CHALMERS: I think people hear Josh Frydenberg and Scott Morrison pat themselves on the back for these economic figures and wonder what planet they're from. I mean in aggregate some of the headline figures in the economy are relatively strong but the parts of the economy that people actually experience in their day to day lives, things like wages, things like household saving, household debt, living standards, all of these things are actually quite weak. I think that one of the reasons that people have been receptive to us in Longman as you mentioned before but more broadly is that we do understand that it’s the people facing part of the economy that matters the most out there in the suburbs and towns. The defining feature of the economy as it stands right now is that profits are growing something like five times faster than wages in the most recent national accounts data. People do get a bit narky when they see the Liberals pat themselves on the back for that kind of thing. You asked me what we can do about it. Well firstly we would restore penalty rates. That's a big part of the story. We'd deal with labour hire, dodgy labour hire practices, which are undercutting workers' wages in lots of places but I've noticed it particularly in regional Queensland it's a big issue. We would try and make enterprise bargaining fairer. There is a lot of dodgy practices which have sprung up in the industrial relations system around the tearing up of agreements, which obviously has meant that has tilted the balance further away from employees in the workplace and on the shop floor. There is a whole range of things that we can do. I think the wages story is probably the most important story in our economy, in our politics, in our society, in our community at the moment and if we were to be elected next year a Shorten Labor Government would make some of those things that I have just rattled off a really high priority.

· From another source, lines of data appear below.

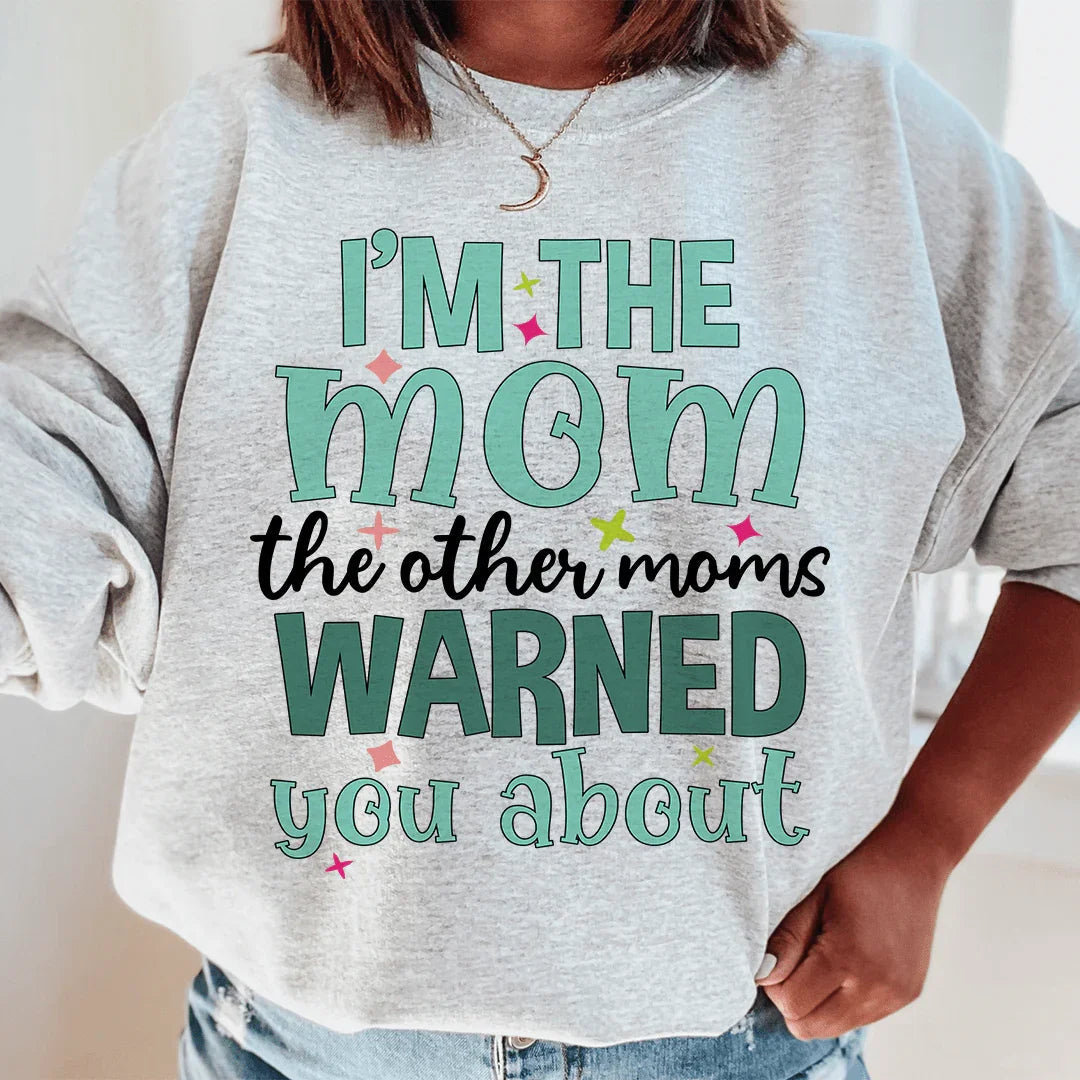 I'm The Mom The Other Moms Warned You About Sweatshirt - WonderingCloth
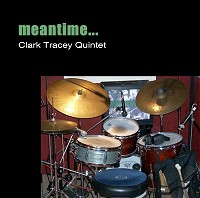 Clark Tracey Quintet- Meantime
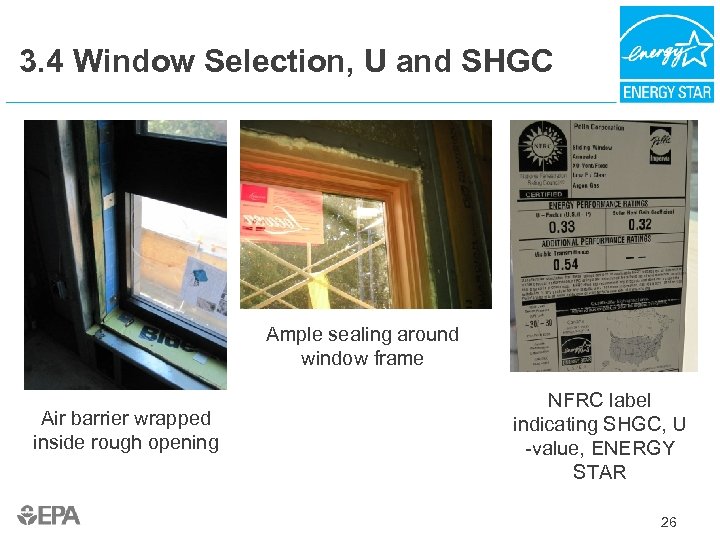 3. 4 Window Selection, U and SHGC Ample sealing around window frame Air barrier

RICHARDSON: You have to. What do you actually do to make wages go up? I have never heard anyone tell me how you force in the end an employer to pay the worker more. I just don't understand how you do that?

CHALMERS: You need to make sure that workers have a sufficiently level playing field that they can bargain for better outcomes. You got to make sure that the rules don't incentivise some employers, a minority of employers who want to do the wrong thing to rip up agreements and make people go back to inferior awards. You've got to make sure that we don't empower people who want to do the wrong thing by bringing in big labour hire workforces, making them essentially permanent, doing the same job as the next guy and getting paid different rates. We want the same job to be attracting the same level of pay. All of those things, restoring penalty rates, they will make a material difference to wages, not overnight necessarily in all cases but together they do have some prospect of shifting the needle on wages because as you rightly point out wages are barely keeping up with the cost of living in this country. People feel like the cost of everything else is going up except their wages and that obviously can't continue.

RICHARDSON: Thanks for very much for your time Jim. I do have to leave it there. I mean there is so much more I could go on with but we will have to stop. I've got to say, mate you are one of the rising stars in Labor and I wish more power to your arm. We will see you soon.

CHALMERS: Very kind of you Richo. Thanks very much for the chat.